Essential role of exosomal miR-155 in conferring cisplatin resistance and cell growth

Tumor microenvironment greatly influences the migratory behaviour of cancer cells and their acquisition of drug resistance. Exosomes, being the key component of tumor microenvironment, we next evaluated if they facilitate communication between cisSens and cisRes cells and hence their resistant or migratory potential. For this, we adopted a co-treatment approach: first, we isolated exosomes from three different combinations of cells: cisSens, cisRes cells transfected with either miR-155 mimics (cisRes+miR-155mimic cells) or NTC (cisRes+nc cells), and thereafter used the isolated exosomes to treat naïve cisSens cells. As seen in Figure 4A, incorporation of exosomes from cisRes+miR-155mimic into naïve cisSens cells led to significant enrichments in their miR-155 expression, while a marginal increase in miR-155 expression was seen when the exosomal donor was cisRes+nc cells. No obvious difference was noticed in case of exosomal transfer from cissens. Overall results indicate that miR-155 mimics-mediated increase in cellular miR-155 expression led to enrichment of exosomal miR-155 content (Figure 2C2D) and their transfer in cisSen cells, in turn resulted in augmentation of miR-155 abundance in cisSen cells (Figure 4A). Furthermore, in corroboration to miR-155 endowment, significant downregulation in both the protein and mRNA levels of its target, FOXO3a was observed in the cisSens cells receiving exosomes from cisRes+miR-155mimic cells (Figure 4B and 4C). Of note, exosomal-mediated delivery of miR-155 in cisSens OSCC cells enhanced their resistance towards cisplatin. The effect is more pronounced when exosomal donor cells is cisRes-miR-155mimic and cisplatin dose is 10 μm (Figure 4D). Besides, exosomes mediated enhanced transfer of miR-155 resulted in increased cell numbers in G0/G1 phase with a decrease in G2/M phase, indicating a removal of cell cycle arrest, as otherwise noted in cisSens or cisRes+nc (Figure 4E). Results thus highlight the role of exosomal miR-155 trafficking in transferring chemoresistance by abrogating the cisplatin induced cell cycle arrest in cisSens cells.
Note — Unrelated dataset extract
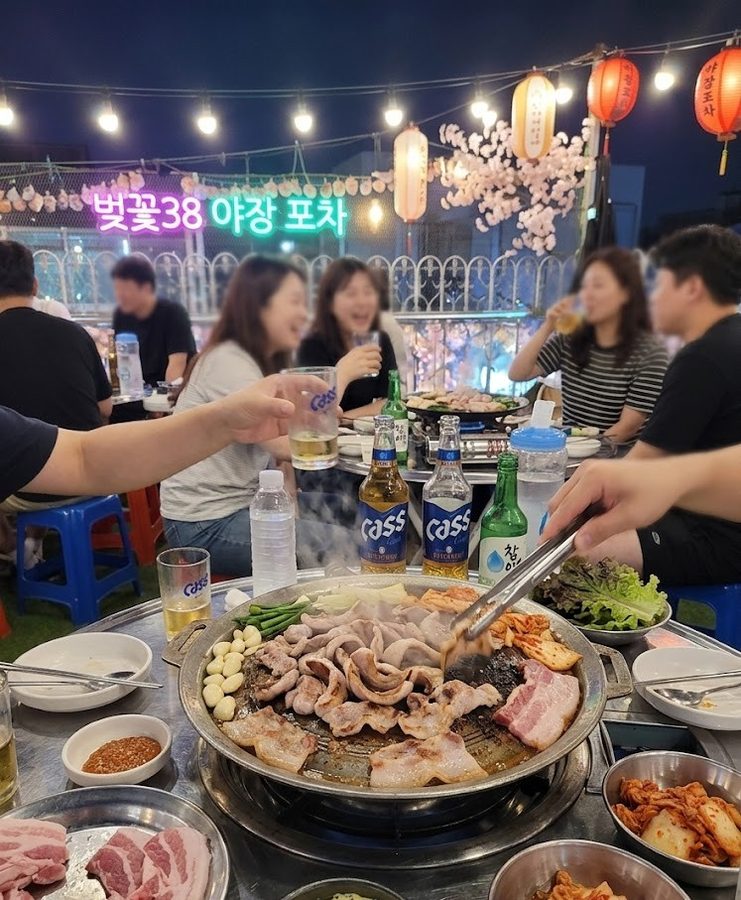 Beotkkot 38 Yajang Pocha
Exosomes were isolated from cisSens and cisRes cells transfected with either NTC or miR-155 mimics, and were used to treat naïve cisSens cells.

Figure 4: Exosomes were isolated from cisSens and cisRes cells transfected with either NTC or miR-155 mimics, and were used to treat naïve cisSens cells. cisSens cells were employed as controls and for comparison. (A) miR-155 were quantified by q-PCR and normalized with respect to U6 as housekeeping gene and (B) FOXO3a expression was quantified by q-PCR and normalized with respect to 18S as housekeeping gene. (C) FOXO3a expression was measured by Western Blot. Densitometry analysis of FOXO3a western blot normalized to β-actin as the loading control. (D) Following exosomes conditioning treatment, cells were exposed to different concentrations of cisplatin (μM, as indicated) for 48 h. Cell viability was measured by the MTT assay. Data are expressed as the mean +/– SD. *p < 0.05 and **p < 0.01 (n = 3). Two independent experiments gave similar results. (E) After cisplatin treatment, cells were harvested, stained with PI and analysed for cell distribution into different phases of cell cycle using FACS S3e cell sorter (Bio-Rad).

Exosomal mediated miR-155 delivery enhanced migration and mesenchymal traits in cisSens cells

Having observed the effects of exosomes on enhancing miR-155 abundance and transmitting chemoresistance in cisSens cells, we next intended to determine if exosomal-mediated crosstalk has any influence on their migratory potential as well. Remarkably, exosomal shuttling of miR-155 from cisRes+miR-155mimic to parental cisSens cells led to the faster closure of wound (i. e. enhanced cell motility) compared to the condition wherein cisRes+nc or cisSens acts as the exosomal donor (Figure 5A). EMT is known to play key role in tumorigenesis and metastatic events in various cancer types, via modulating cell motility and invasiveness. Indeed, in the present study, effects of exosomal miR-155 transfer were also reflected in conferring mesenchymal properties to the parental cisSens cells (Figure 5B5F). As seen in the figure, there are significant enhancements in the expression of mesenchymal markers including N-cadherin, β-catenin, twist and vimentin with the concomitant decrease in epithelial marker, E-cadherin in cisSens cells conditioned with exosomes from cisRes+miR-155mimic- cells. Significant effects were also noticed in the expression of mesenchymal markers (vimentin and twist) in cisSens cell receiving exosomes from cisRes+nc, thus hinting that exosome are sufficient to elicit the EMT response. cisSens cells receiving exosomes from cisSens itself showed comparable expression with the parental cisSens. Overall, results suggest that exosomal-mediated transmission of miR-155 leads to enhanced cell motility and mesenchymal transition.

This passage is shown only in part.